タイムフライヤーは、もうGI馬なのに「よくなるのはダービーの頃」

  • 河合力●文 text by Kawai Chikara
  • photo by Yasuo Ito/AFLO

2018年クラシック候補たち
第6回:タイムフライヤー

 JRAでは2017年からGIに昇格したレースがふたつあった。そのひとつが、3歳クラシック第1弾の皐月賞と同じ舞台で行なわれる、年末開催の2歳GIホープフルS(中山・芝2000m)である。

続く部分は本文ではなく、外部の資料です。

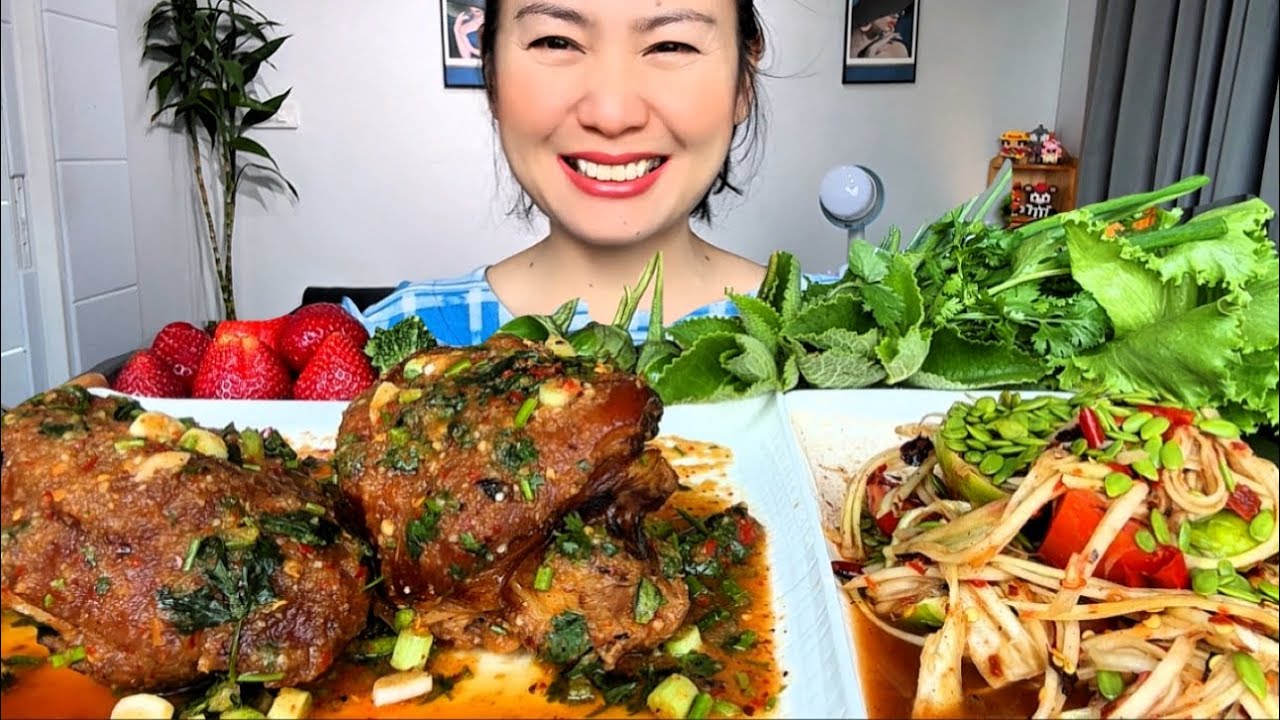 Thaifood ASMR ลาบขาหมูมาทั้งชิ้นใหญ่ๆกับส้มตำแซบๆผักจุกๆPork leg larb and papaya salad MUKBANG SHOW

 そして、記念すべきGI昇格初年度となった昨年末(12月28日)のレースで勝利を飾ったのは、松田国英厩舎(栗東トレセン/滋賀県)のタイムフライヤー(牡3歳/父ハーツクライ)だった。

GI昇格初年度のホープフルSを制したタイムフライヤーGI昇格初年度のホープフルSを制したタイムフライヤー 息の入らない厳しい流れの中、前半は15、16番手というほぼ最後方を追走。3コーナー途中からスパートをかけると、直線入口で一気に先頭集団を飲み込んで、そのまま他馬の追撃を振り切ってトップでゴール板を通過した。

 タイムフライヤーは、昨年8月にデビューした。その初戦は2着に敗れたものの、勝ち馬はのちにGIII札幌2歳Sを制したロックディスタウン。同馬とコンマ1秒差の惜敗で、決して悪い内容ではなかった。

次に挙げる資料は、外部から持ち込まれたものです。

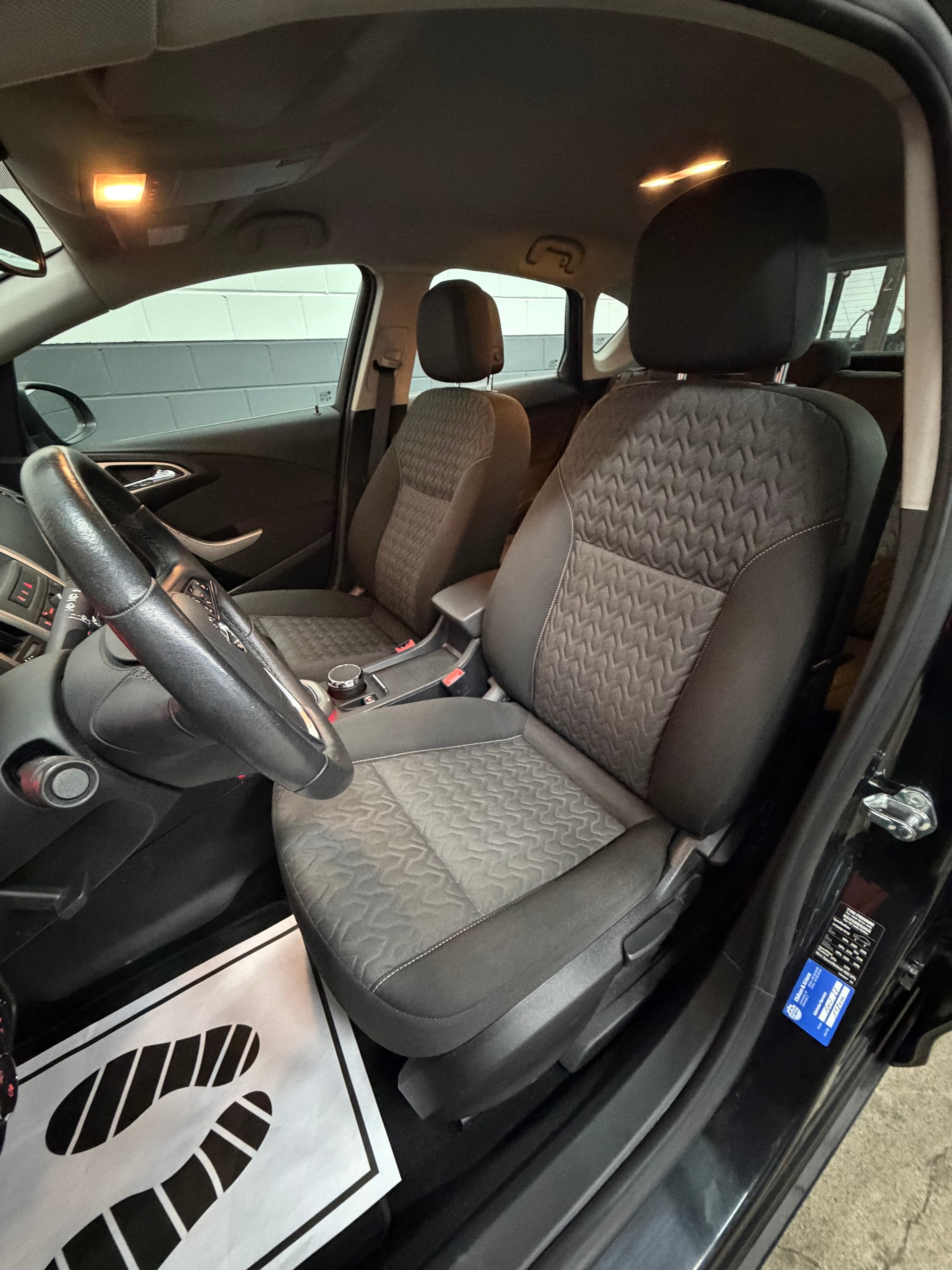 OPEL Astra 1.4i 16V Turbo Active Edition //NEU AB MFK!-image-12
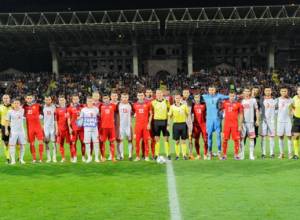 Հայաստանը 4:0 հաշվով ջախջախում է Մակեդոնիային եւ մնում խաղի մեջ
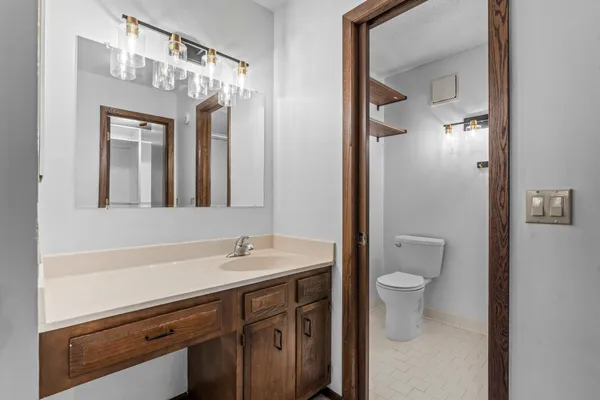 $192,000 | 9700 Portland Avenue South, Unit 332, Bloomington, MN 55420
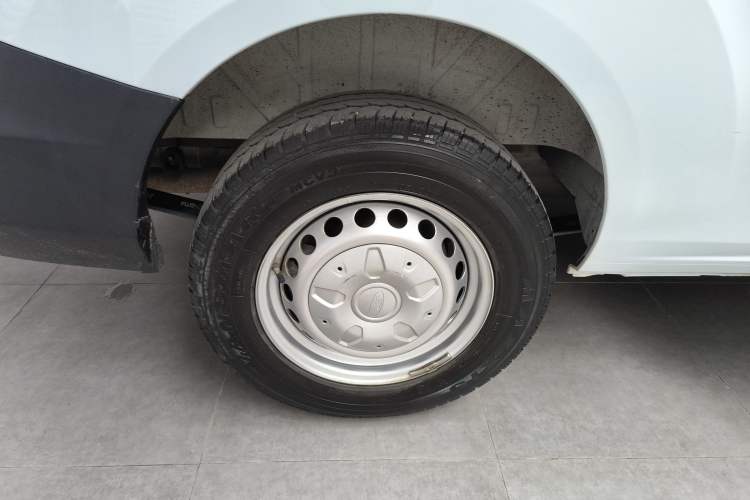 Used Ford Transit 2023 2.0T Gasoline Automatic Multi-Purpose Commercial Vehicle Mid-Drive Low-Roof Design 5/6 Seats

 タイムフライヤー自身、ロックディスタウンに次ぐ32秒6という強烈な上がり時計をマーク。力があることを十分に示した。

 現に、続く未勝利戦、オープン特別の萩S(10月28日/京都・芝1800m)と連勝を決めた。萩Sでは2着に4馬身差をつける圧勝劇を披露。重馬場も苦にせず、直線に入ると大外を豪快に突き抜けていった。

 4戦目は、GIII京都2歳(11月25日/京都・芝2000m)に挑んだ。好位の3番手につける正攻法の競馬で重賞制覇を狙ったが、ここではゴール前でグレイルの強襲を受けて惜しくもアタマ差の2着に敗れた。